In [4]:
from datetime import datetime
import polars as pl
df = pl.read_csv("/home/sida/YIPENG/Task2_FactorTiming/data/gold_futures_comex/td_comex_xau_cnhusd_210104.csv")
df = df.with_columns(
    td_close_USD = pl.col("td_close") * 31.1035 * pl.col("CNHUSD_close")
)
df = df.with_columns(
    com_td_diff = pl.col("td_close_USD") - pl.col("comex_close"),
    xau_td_diff = pl.col("td_close_USD") - pl.col("xau_close"),
    xau_com_diff = pl.col("td_close_USD") - pl.col("xau_close")
)
df = df.head(100000)
df = df.to_pandas()
df.index = df["date"].apply(lambda x: datetime.strptime(x, "%Y-%m-%d %H:%M:%S"))
df = df.resample("10T").first()

In [11]:
import os
import sys
from typing import List
PROJ_DIR = "/home/sida/YIPENG/Task2_FactorTiming/src/UnifArb"
sys.path.append(PROJ_DIR)
import numpy as np
import pandas as pd
from sklearn.linear_model import LinearRegression
from sklearn.isotonic import IsotonicRegression
from typing import Union, Callable
import matplotlib.pyplot as plt
import seaborn as sns
from tqdm import tqdm

from lib.helper.DataLoader import DataLoader
from pykalman import KalmanFilter
from typing import Union, Tuple
import pandas as pd
from pykalman import KalmanFilter

class Detrendor:
    def __init__(self, col: str, window: int = 120, step: int = 3,
                 d_method = "istonic",
                 data_path = "metadata/PredictorLSretWide.csv",
                 start_date: int = 20000101,
                 end_date: int = 20240101,
                 data: pd.Series = pd.Series()) -> None:
        self._col = col
        self._window = window
        self._step = step
        self._data_path = data_path
        self._start_date = str(start_date)
        self._end_date = str(end_date)
        self._data: pd.Series = data.copy()
        
        self.d_method = d_method
    
    @property
    def group_data(self):
        if not hasattr(self, "_group_data"):
            self._group_data = self.create_rolling_datasets(
                self.data, self._window, self._step
            )
        
        return self._group_data

    @property
    def preds(self) -> pd.Series:
        """Results of rolling detrending."""
        if not hasattr(self, "_preds"):
            self.batch_detrend()
        
        return self._preds # type: ignore
    
    @property
    def data(self) -> pd.Series:
        """Original data."""
        if hasattr(self, "_updated"):
            return self._data
        
        if self._data.empty:
            d = DataLoader(path = self._data_path)
            col_data = d.get_full_col(self._col)
            self._data = col_data[
                col_data.first_valid_index() : col_data.last_valid_index()
            ]
        s_time = pd.to_datetime(self._start_date).strftime("%Y-%m-%d")
        e_time = pd.to_datetime(self._end_date).strftime("%Y-%m-%d")
        self._data = self._data[s_time : e_time]
        self._updated = True
        
        return self._data
    
    @property
    def col(self):
        return self._col

    @staticmethod
    def create_rolling_datasets(series: pd.Series,
                                window_size: int = 120, step_size = 6):
        """
            Create rolling datasets for training
        """
        rolling_datasets = []
        assert len(series) >= window_size, "Series is too short."
        for i in range(0, len(series) - window_size + 1, step_size):
            window = series.iloc[i : i + window_size]
            rolling_datasets.append(window)
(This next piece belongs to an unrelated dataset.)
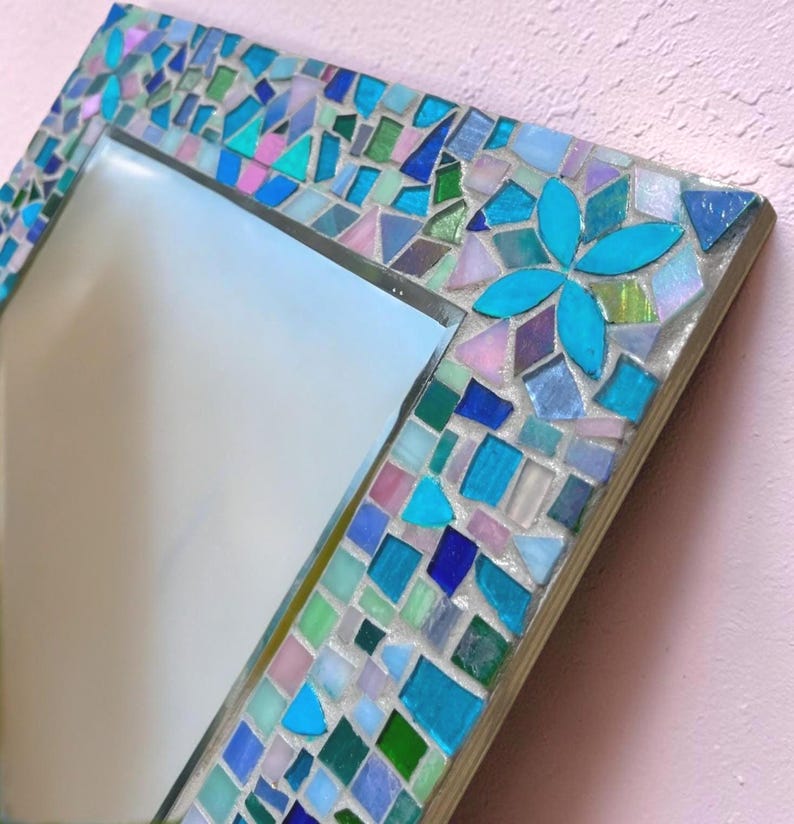Puede incluir: Un espejo cuadrado con un marco de mosaico compuesto por varias piezas de vidrio en tonos turquesa, azul cobalto, verde claro y rosa suave. Las piezas est&aacute;n dispuestas en un patr&oacute;n geom&eacute;trico con un dise&ntilde;o de flor de cuatro p&eacute;talos.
        return rolling_datasets
    
    @property
    def result(self) -> pd.DataFrame:
        df: pd.DataFrame = pd.concat([self.preds, self.data.cumsum()], axis = 1).sort_index()
        df = df.loc[df.first_valid_index() : df.last_valid_index()]
        df.columns = [self.detrend_col, self.col]

        return df
    
    def batch_detrend(self) -> pd.Series:
        """
            Use a part of data training, predict the future periods.
        """
        preds = []
        for data in self.group_data:
            data: pd.Series
            train_size = len(data) - self._step
            train_data = data.head(train_size)
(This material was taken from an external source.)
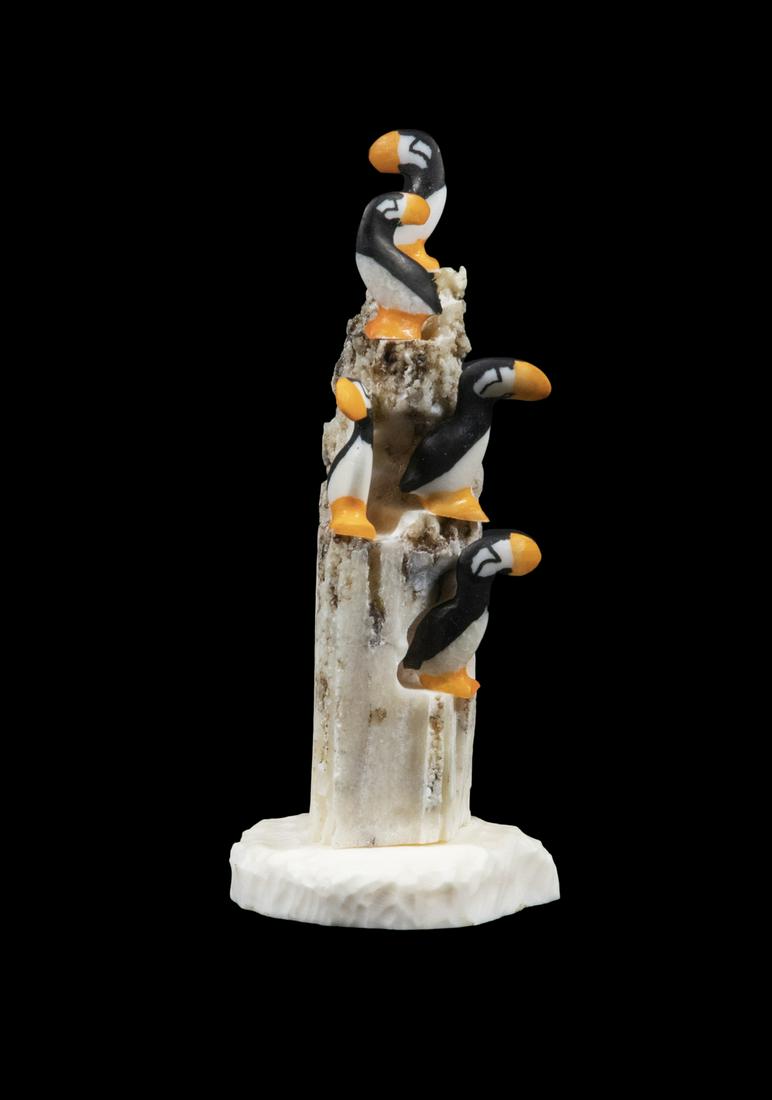 INUIT SCULPTURE OF A PUFFIN ROOKERY BY JUSTIN TIULANA: Inupiac, King Island, Alaska, Carved and painted ivory figures mounted on walrus bone rock formation on ivory plateau, signed on the underside and marked "KI KRAZ", circa 2990, 4 1/2" tall. Good condi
            if self.d_method == "isotonic":
                test_data = data.cumsum().tail(self._step)
                model = detrend_series_isotonic(train_data, "model")
                pred = model.predict(list(range(train_size, len(data))))
                pred = pd.Series(pred, index = test_data.index)
                pred = test_data - pred  # Detrend.
                preds.append(pred)

            elif self.d_method == "kf":
                res = []
                test_data = data.tail(self._step)
                state, model = detrend_series_kalman(train_data, "model")
                for _d in test_data:
                    state, _ = model.filter_update(state, _d)
                    pred = _d - state[-1]
                    res.append(pred)
                res = pd.Series(res, index = test_data.index)
                preds.append(res)

        self._preds: pd.Series = pd.concat(preds)
        self.detrend_col = f"{self._col}_{self.d_method}_detrend_p"
        self._preds.name = self.detrend_col

        return self.preds
    
    def full_detrend(self):
        """
            Use all data to train, predict the future periods.
        """
        if self.d_method == "isotonic":
            pred: pd.Series = detrend_series_isotonic(self.data, "detrend")
        elif self.d_method == "kf":
            pred: pd.Series = detrend_series_kalman(self.data, "detrend")
        pred.name = f"{self._col}_{self.d_method}_detrend_insample"

        return pred
    
    def plot_detrend(self):
        sns.set_style("darkgrid")
        plt.figure(figsize = (24, 12))
        self.det_df = pd.concat([
            self.preds, self.full_detrend(), self.data.cumsum()
        ], axis = 1).sort_index()
        self.det_df.index = self.det_df.index.map(pd.to_datetime)
        for col in self.det_df:
            sns.lineplot(self.det_df[col], label = col)
        plt.legend()

        return plt.gcf()
    
"""Detrend Cell."""
def detrend_series_ma(
        col: pd.Series, p: int = 12, 
        return_type: str = "detrend",
) -> pd.Series:
    """
        1. For a given factor return, drop the data until the first valid factor return
        2. Fill the following NaN with 0 and calculate the cumulative return
        3. Detrend the cumulative return with moving average
        4. Concat the NaN and detrended cumulative return, return.
    """
    col_use = col[col.first_valid_index() : col.last_valid_index()]
    
    y = col_use.fillna(0).cumsum()
    y_ = y.rolling(p, min_periods = 2).mean().\
        fillna(0).values

    if return_type == "detrend":
        return pd.Series(y - y_, index = col_use.index, 
                         name = f"{col.name}_isotonic_detrend")
    elif return_type == "predict":
        return pd.Series(y_, index = col_use.index, 
                    name = f"{col.name}_isotonic_predict")
    else:
        raise ValueError("return_type must be detrend or predict")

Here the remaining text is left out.